Copper: I like to feel my weight tick the bottom every so often, but not really be dragging along. Sometimes I anchor my boat by a shallower sandy flat, and watch some drifts happen, so I can learn to feel the various things I feel in drifting. I like to tell newer anglers, "when in doubt, lighten your weight." I've seen Steelhead literally stand on their nose to eat a spawnbag, but most often they will bite something that floats by at their eye level. And they don't usually lie right on the bottom of rivers - they suspend slightly. 
I like to use flourocarbon for leader - especially in the Ausable, which is gin-clear, most of the time. I use Maxima Ultragreen for my mainline. Personally I hate dropping down to 6# leader, but will do it once in awhile, if I'm not getting any bites at all. I like a leader that is 3' - 4' long, but I will throw a really long leader on occassion - when I'm not getting bites at all. 
I haven't bought spawn from a store in decades. I make sure to get loose Salmon eggs every fall, which supplies me with enough bait for the following year. One year I didn't get enough spawn, and I ran out. :yikes:
I never let that happen again. Skein Steelhead spawn can work a lot better than cured or uncured loose Salmon eggs at times. Sometimes Salmon eggs work better. Work hard to catch a hen Steelhead, and take advantage of it.


----------



## copper95b (May 24, 2006)

Thank you Fishndude! Everyone has been very helpful! You all are awesome! I was doing some things wrong for wintertime steel and now I feel confident that I have a solid base to stand on!


----------



## Fishndude (Feb 22, 2003)

You caught fish! Some people just fish to experience the out-of-doors. Others fish to feel the bite, but don't really care about fighting or landing fish. Others fish for food. Some just like the fights, and release everything they catch. Most of the guys I know like to fight fish. They keep some, and release some. But we love the fights. 

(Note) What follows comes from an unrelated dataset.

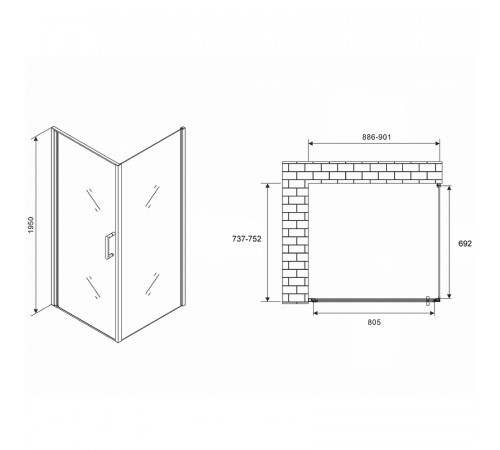 Душевой уголок Abber Sonnenstrand 90x75 AG04090B-S75B профиль Черный стекло прозрачное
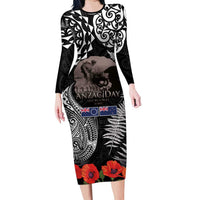 New Zealand and Cook Islands ANZAC Day Family Matching Long Sleeve Bodycon Dress and Hawaiian Shirt Gallipoli Lest We Forget Tatau Art Tribal and Maori Tattoo with Fern LT03 Mom's Dress Black - Polynesian Pride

If you find something that is working, don't just toss it aside because someone else gives you different advice. Build your experience and knowledge base, and over time build up your tackle collection. And go fishing as much as you think you can get away with. :lol:


----------



## wyandot (Dec 5, 2013)

Thanks to Fishindude' and all other guys for helping Copper out. I hit his profile by accident earlier and see He's active duty U.S. Coast Guard. It's not allways easy for these guys to fit in with local guys, been there myself. If you see the guy on the river struggling, help him out a bit, give him a few bags for Pete's sake!! PM me if you want somebody to B.s. with Copper.


----------



## copper95b (May 24, 2006)

wyandot said:


> Thanks to Fishindude' and all other guys for helping Copper out. I hit his profile by accident earlier and see He's active duty U.S. Coast Guard. It's not allways easy for these guys to fit in with local guys, been there myself. If you see the guy on the river struggling, help him out a bit, give him a few bags for Pete's sake!! PM me if you want somebody to B.s. with Copper.


Thank you! I am semi-local being born and raised in Flint. But I fell in love with steelhead fishing years ago at Tippy Dam! 

Merry Christmas and tight lines to all!


----------